------ INPUT RECORDS
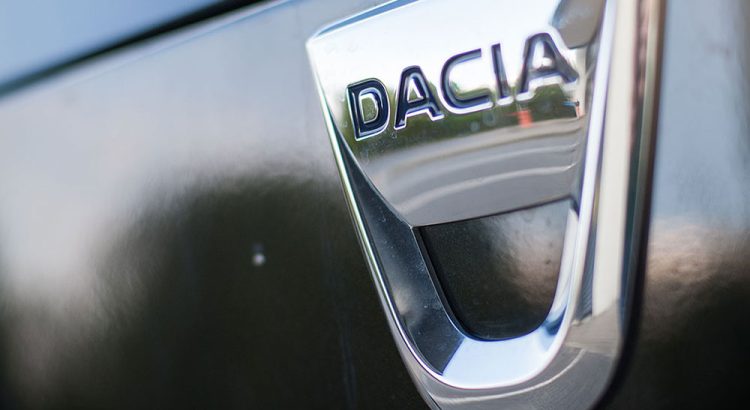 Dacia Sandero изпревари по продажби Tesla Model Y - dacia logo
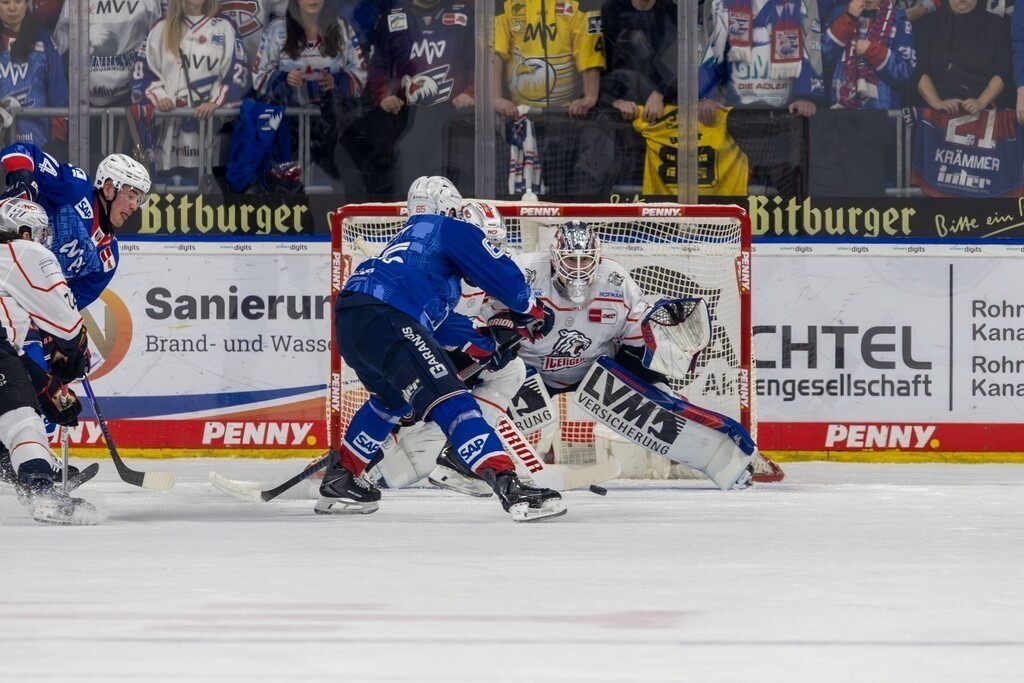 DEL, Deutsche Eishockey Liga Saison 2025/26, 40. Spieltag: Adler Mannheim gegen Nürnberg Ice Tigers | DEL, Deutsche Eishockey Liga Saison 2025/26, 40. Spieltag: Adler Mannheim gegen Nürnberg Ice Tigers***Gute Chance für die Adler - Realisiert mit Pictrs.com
------------
------ INPUT RECORDS
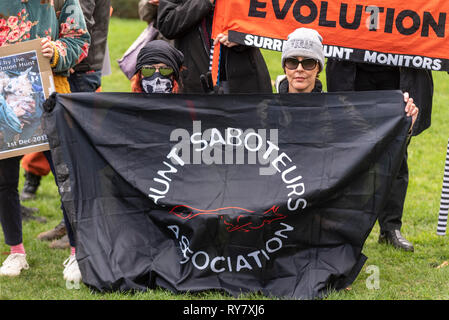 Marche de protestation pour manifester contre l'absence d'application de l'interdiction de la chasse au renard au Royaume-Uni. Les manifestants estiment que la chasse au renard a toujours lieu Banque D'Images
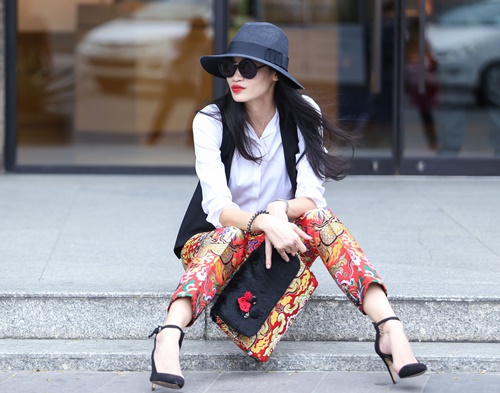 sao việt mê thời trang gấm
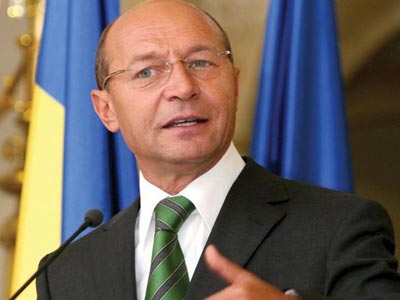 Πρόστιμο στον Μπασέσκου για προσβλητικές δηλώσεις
------------
------ INPUT RECORDS
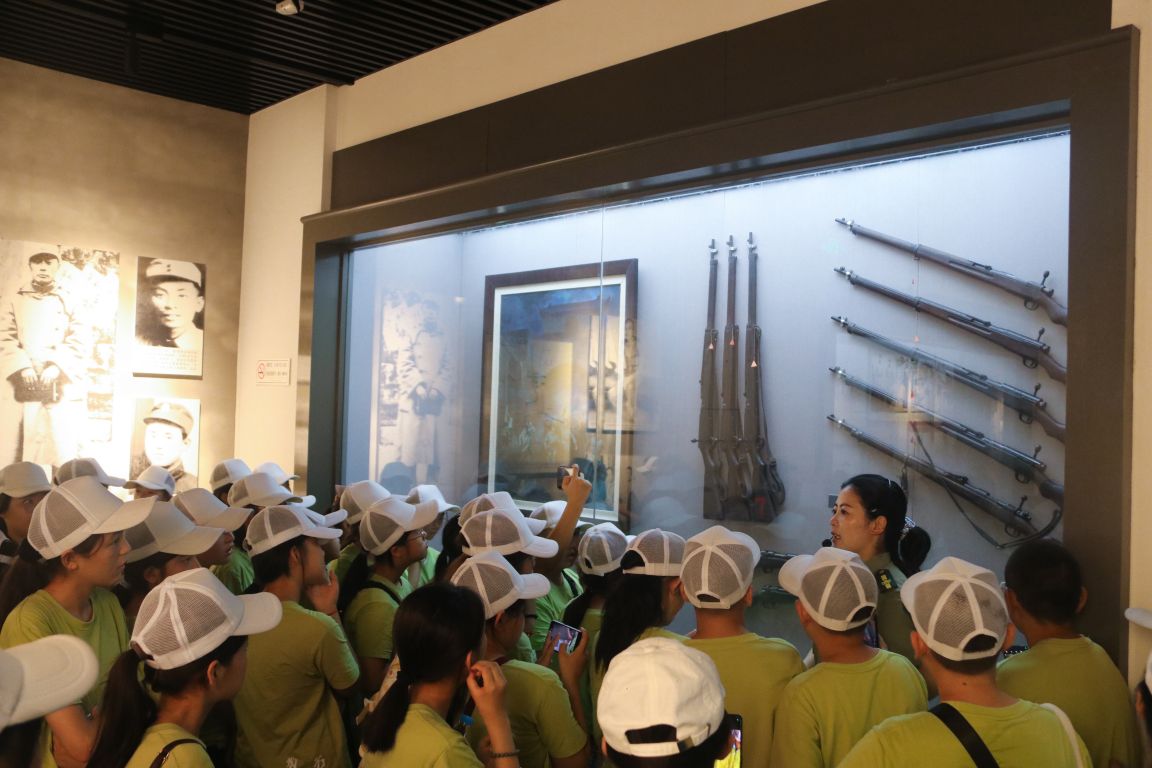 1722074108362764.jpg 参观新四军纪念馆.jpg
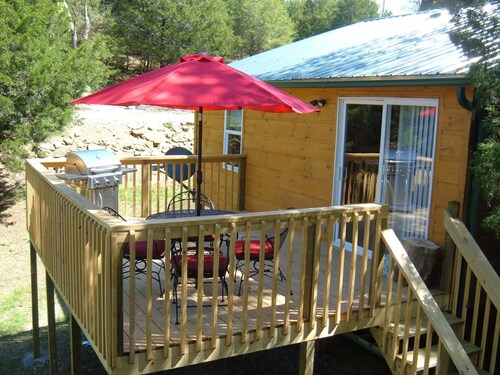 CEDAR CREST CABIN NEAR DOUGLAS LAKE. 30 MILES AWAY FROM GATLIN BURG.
------------
▸ AIM OF THE TASK:
Although pictures appear among the entries, please set down only the lines from the one with "Marche de protestation" up to and including the one with "Πρόστιμο στον Μπασέσκου", word for word.

▸ WORKED SOLUTION:
 Marche de protestation pour manifester contre l'absence d'application de l'interdiction de la chasse au renard au Royaume-Uni. Les manifestants estiment que la chasse au renard a toujours lieu Banque D'Images
 sao việt mê thời trang gấm
 Πρόστιμο στον Μπασέσκου για προσβλητικές δηλώσεις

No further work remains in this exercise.